• Directions:
The reply should contain every line of the data, repeated exactly, and no pictures.

• Data extract:
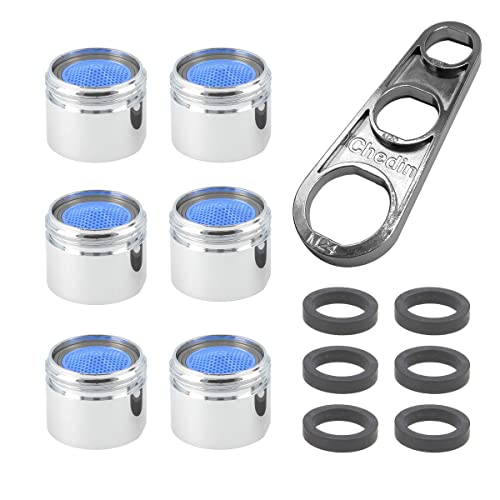 M18/M20/M22/M24/M28 Strahlregler Mischdüse Luftsprudler, 7-teiliges Set Wasserhahn Bubbler, Mischpatrone Armaturensieb, Honeycomb Auslauf des Wasserhahns verchromt - Außengewinde (M18*6+Schlüssel) von Chedin
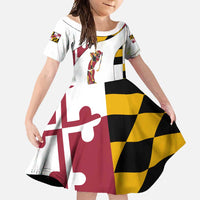 Golf Player Silhouette Family Matching Off Shoulder Maxi Dress and Hawaiian Shirt Maryland Flag Pattern and Custom Name Panel Design - Wonder Print Shop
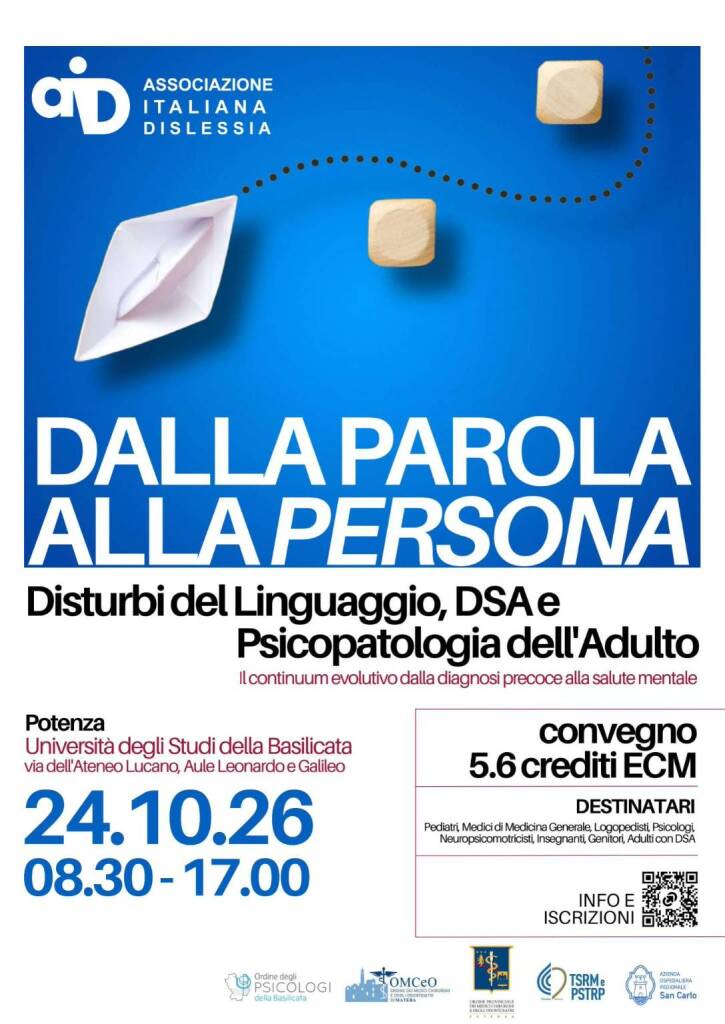 Immagine del post 26354 - Basilicata A Potenza un convegno sui Disturbi Specifici dell’Apprendimento - Basilicata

• Task answer:
 M18/M20/M22/M24/M28 Strahlregler Mischdüse Luftsprudler, 7-teiliges Set Wasserhahn Bubbler, Mischpatrone Armaturensieb, Honeycomb Auslauf des Wasserhahns verchromt - Außengewinde (M18*6+Schlüssel) von Chedin
 Golf Player Silhouette Family Matching Off Shoulder Maxi Dress and Hawaiian Shirt Maryland Flag Pattern and Custom Name Panel Design - Wonder Print Shop
 Immagine del post 26354 - Basilicata A Potenza un convegno sui Disturbi Specifici dell’Apprendimento - Basilicata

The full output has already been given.